Métissage à la SoojaL’artiste coréeenne Kim Sooja, enfin exposée en France, utilise toutes les ressources du village global.
| Kim Sooja, A Needle Woman.
© Kim Sooja, Musée d'art contemporain. |
LYON. Dans une première salle obscure, huit écrans géants. Sur chacun d'eux, Kim Sooja apparaît au centre de l'image, de dos, vêtue d'une tunique grise. Immobile et silencieuse, elle fait face au flux ininterrompu des passants, pressés ou nonchalants, indifférents ou étonnés.
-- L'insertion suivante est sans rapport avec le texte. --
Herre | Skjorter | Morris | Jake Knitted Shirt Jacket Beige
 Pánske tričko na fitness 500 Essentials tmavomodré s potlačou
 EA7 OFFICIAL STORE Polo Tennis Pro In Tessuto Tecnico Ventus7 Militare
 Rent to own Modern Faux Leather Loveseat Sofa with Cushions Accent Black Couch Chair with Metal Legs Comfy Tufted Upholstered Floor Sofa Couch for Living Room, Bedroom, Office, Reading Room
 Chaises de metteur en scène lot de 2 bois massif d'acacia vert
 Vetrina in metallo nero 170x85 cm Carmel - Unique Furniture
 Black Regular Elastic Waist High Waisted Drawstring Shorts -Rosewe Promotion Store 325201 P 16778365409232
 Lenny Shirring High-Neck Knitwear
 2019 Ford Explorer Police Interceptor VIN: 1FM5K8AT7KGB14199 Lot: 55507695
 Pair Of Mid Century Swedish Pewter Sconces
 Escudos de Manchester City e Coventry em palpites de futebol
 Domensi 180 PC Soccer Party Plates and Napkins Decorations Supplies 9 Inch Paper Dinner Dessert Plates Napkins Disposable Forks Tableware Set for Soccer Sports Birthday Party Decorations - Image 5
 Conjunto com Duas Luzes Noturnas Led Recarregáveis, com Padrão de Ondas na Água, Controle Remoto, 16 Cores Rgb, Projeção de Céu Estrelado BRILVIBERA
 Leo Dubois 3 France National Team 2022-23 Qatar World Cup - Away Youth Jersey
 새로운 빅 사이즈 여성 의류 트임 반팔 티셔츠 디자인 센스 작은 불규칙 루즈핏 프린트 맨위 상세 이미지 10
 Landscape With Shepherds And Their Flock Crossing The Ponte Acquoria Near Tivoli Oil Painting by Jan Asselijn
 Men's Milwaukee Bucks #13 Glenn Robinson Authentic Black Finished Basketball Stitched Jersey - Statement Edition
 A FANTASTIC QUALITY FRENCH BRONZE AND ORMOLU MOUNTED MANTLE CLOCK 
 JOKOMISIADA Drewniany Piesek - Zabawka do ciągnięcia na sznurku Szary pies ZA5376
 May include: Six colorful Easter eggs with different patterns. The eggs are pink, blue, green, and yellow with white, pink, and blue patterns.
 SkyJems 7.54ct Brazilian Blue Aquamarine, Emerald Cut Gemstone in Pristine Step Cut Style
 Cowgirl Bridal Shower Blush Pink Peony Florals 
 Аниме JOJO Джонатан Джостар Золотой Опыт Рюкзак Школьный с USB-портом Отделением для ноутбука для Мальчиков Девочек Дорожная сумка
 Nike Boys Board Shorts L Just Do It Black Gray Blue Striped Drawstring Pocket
Ces huit vidéos sont les traces de performances effectuées au cœur de villes tentaculaires telles que Tokyo, Shanghai, New York, Lagos ou Le Caire. Chaque civilisation, chaque environnement urbain se démarque par ses rites, ses rythmes, ses couleurs et ses sonorités. Au Nigeria, des enfants s'arrêtent et s'amusent autour d'elle. À New York les badauds ont l'air de ne rien remarquer. Au Caire, l'atmosphère est empreinte d'une certaine tension. Dans Yamuna River, Kim Sooja, toujours filmée de dos et immobile, fait face à un autre type de flux : celui d'un fleuve indien charriant détritus, bouts de bois et autres scories. Plus loin, on retrouve sa silhouette solitaire dans la montagne, cette fois-ci allongée sur un rocher. L'image semble figée mais, imperceptiblement, quelques nuages glissent de gauche à droite. Le regard et le corps de l'artiste, auxquels s'identifie très vite le spectateur, se confrontent ici à la durée et aux mouvements plus lents de la nature.
Labyrinthe soyeux
Pour chacune de ces performances, Kim Sooja se place à la croisée d'éléments antinomiques, son corps est le support de rencontres énigmatiques : celle d'un flux et d'un être figé, de l'homme et de la nature, de l'opulence et du dénuement… Née en 1957 en Corée du Sud, formée à l'École des beaux-arts de Paris, vivant actuellement à New York, l'artiste est elle-même au croisement de cultures différentes. S'inspirant souvent de traditions de son pays d'origine, elle les transcende pour offrir des œuvres à caractère universel qui laissent une large place aux aspects purement sensibles. Cette double démarche se retrouve dans l'installation A Laundry Woman qui occupe tout un étage du musée. D'innombrables «bojaghi» (tissus traditionnels coréens qui étaient offerts comme trousseau) sont disposés sur des étendages comme du linge à sécher. Les pièces de tissus aux couleurs chatoyantes, vibrant légèrement au souffle de ventilateurs, forment un vaste labyrinthe apaisant. Symboles à décrypter ou composition plastique jouant uniquement sur les matières, les volumes et les couleurs ? Les deux approches sont possibles et conciliables. Là comme dans ses performances, Kim Sooja excelle dans l'art d'entrelacer signes et formes, sens et sensations.